▶ **Task directions**
Would you set down every entry shown below, precisely as written?
Input material below:
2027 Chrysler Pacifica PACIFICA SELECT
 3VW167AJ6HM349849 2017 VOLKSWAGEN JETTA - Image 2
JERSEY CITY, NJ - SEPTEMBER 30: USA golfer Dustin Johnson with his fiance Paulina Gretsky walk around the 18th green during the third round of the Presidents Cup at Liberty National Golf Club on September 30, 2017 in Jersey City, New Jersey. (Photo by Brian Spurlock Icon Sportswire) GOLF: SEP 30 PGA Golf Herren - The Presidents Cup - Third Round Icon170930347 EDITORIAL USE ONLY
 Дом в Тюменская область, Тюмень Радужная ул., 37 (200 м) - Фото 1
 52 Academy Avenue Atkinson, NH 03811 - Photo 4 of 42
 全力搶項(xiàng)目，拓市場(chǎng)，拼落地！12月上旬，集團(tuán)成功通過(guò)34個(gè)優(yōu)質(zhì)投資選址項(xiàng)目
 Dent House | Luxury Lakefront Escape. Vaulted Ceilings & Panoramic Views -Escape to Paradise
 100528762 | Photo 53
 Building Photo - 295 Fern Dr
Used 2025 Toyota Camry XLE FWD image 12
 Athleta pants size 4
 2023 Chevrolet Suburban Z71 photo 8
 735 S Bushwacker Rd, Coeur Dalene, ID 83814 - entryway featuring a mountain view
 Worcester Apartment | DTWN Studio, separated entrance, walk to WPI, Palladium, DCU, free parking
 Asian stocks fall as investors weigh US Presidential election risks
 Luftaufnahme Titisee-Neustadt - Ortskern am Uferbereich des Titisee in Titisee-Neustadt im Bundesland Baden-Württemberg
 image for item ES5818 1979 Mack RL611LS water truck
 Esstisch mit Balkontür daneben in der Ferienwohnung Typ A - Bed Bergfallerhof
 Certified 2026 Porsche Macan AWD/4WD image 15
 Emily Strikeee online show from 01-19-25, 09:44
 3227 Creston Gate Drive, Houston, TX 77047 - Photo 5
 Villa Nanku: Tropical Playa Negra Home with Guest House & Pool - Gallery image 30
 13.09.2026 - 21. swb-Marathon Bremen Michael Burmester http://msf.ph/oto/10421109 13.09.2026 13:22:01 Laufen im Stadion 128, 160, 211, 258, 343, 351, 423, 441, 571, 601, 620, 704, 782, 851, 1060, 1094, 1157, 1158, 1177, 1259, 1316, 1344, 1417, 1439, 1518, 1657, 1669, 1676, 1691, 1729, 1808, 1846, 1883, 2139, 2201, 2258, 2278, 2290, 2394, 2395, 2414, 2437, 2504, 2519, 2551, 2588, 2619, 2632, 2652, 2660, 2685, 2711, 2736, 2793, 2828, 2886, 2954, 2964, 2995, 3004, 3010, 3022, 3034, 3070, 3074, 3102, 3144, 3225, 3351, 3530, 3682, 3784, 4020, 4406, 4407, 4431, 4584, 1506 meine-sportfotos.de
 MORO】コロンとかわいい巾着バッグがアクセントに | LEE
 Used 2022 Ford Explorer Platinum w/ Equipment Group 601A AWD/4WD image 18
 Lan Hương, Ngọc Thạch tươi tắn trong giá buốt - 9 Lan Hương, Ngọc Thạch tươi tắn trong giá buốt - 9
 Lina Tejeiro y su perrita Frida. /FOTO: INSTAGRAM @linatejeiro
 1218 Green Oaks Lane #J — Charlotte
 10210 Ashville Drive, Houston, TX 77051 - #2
End of Input material.
▶ **Task answer**
2027 Chrysler Pacifica PACIFICA SELECT
 3VW167AJ6HM349849 2017 VOLKSWAGEN JETTA - Image 2
JERSEY CITY, NJ - SEPTEMBER 30: USA golfer Dustin Johnson with his fiance Paulina Gretsky walk around the 18th green during the third round of the Presidents Cup at Liberty National Golf Club on September 30, 2017 in Jersey City, New Jersey. (Photo by Brian Spurlock Icon Sportswire) GOLF: SEP 30 PGA Golf Herren - The Presidents Cup - Third Round Icon170930347 EDITORIAL USE ONLY
 Дом в Тюменская область, Тюмень Радужная ул., 37 (200 м) - Фото 1
 52 Academy Avenue Atkinson, NH 03811 - Photo 4 of 42
 全力搶項(xiàng)目，拓市場(chǎng)，拼落地！12月上旬，集團(tuán)成功通過(guò)34個(gè)優(yōu)質(zhì)投資選址項(xiàng)目
 Dent House | Luxury Lakefront Escape. Vaulted Ceilings & Panoramic Views -Escape to Paradise
 100528762 | Photo 53
 Building Photo - 295 Fern Dr
Used 2025 Toyota Camry XLE FWD image 12
 Athleta pants size 4
 2023 Chevrolet Suburban Z71 photo 8
 735 S Bushwacker Rd, Coeur Dalene, ID 83814 - entryway featuring a mountain view
 Worcester Apartment | DTWN Studio, separated entrance, walk to WPI, Palladium, DCU, free parking
 Asian stocks fall as investors weigh US Presidential election risks
 Luftaufnahme Titisee-Neustadt - Ortskern am Uferbereich des Titisee in Titisee-Neustadt im Bundesland Baden-Württemberg
 image for item ES5818 1979 Mack RL611LS water truck
 Esstisch mit Balkontür daneben in der Ferienwohnung Typ A - Bed Bergfallerhof
 Certified 2026 Porsche Macan AWD/4WD image 15
 Emily Strikeee online show from 01-19-25, 09:44
 3227 Creston Gate Drive, Houston, TX 77047 - Photo 5
 Villa Nanku: Tropical Playa Negra Home with Guest House & Pool - Gallery image 30
 13.09.2026 - 21. swb-Marathon Bremen Michael Burmester http://msf.ph/oto/10421109 13.09.2026 13:22:01 Laufen im Stadion 128, 160, 211, 258, 343, 351, 423, 441, 571, 601, 620, 704, 782, 851, 1060, 1094, 1157, 1158, 1177, 1259, 1316, 1344, 1417, 1439, 1518, 1657, 1669, 1676, 1691, 1729, 1808, 1846, 1883, 2139, 2201, 2258, 2278, 2290, 2394, 2395, 2414, 2437, 2504, 2519, 2551, 2588, 2619, 2632, 2652, 2660, 2685, 2711, 2736, 2793, 2828, 2886, 2954, 2964, 2995, 3004, 3010, 3022, 3034, 3070, 3074, 3102, 3144, 3225, 3351, 3530, 3682, 3784, 4020, 4406, 4407, 4431, 4584, 1506 meine-sportfotos.de
 MORO】コロンとかわいい巾着バッグがアクセントに | LEE
 Used 2022 Ford Explorer Platinum w/ Equipment Group 601A AWD/4WD image 18
 Lan Hương, Ngọc Thạch tươi tắn trong giá buốt - 9 Lan Hương, Ngọc Thạch tươi tắn trong giá buốt - 9
 Lina Tejeiro y su perrita Frida. /FOTO: INSTAGRAM @linatejeiro
 1218 Green Oaks Lane #J — Charlotte
 10210 Ashville Drive, Houston, TX 77051 - #2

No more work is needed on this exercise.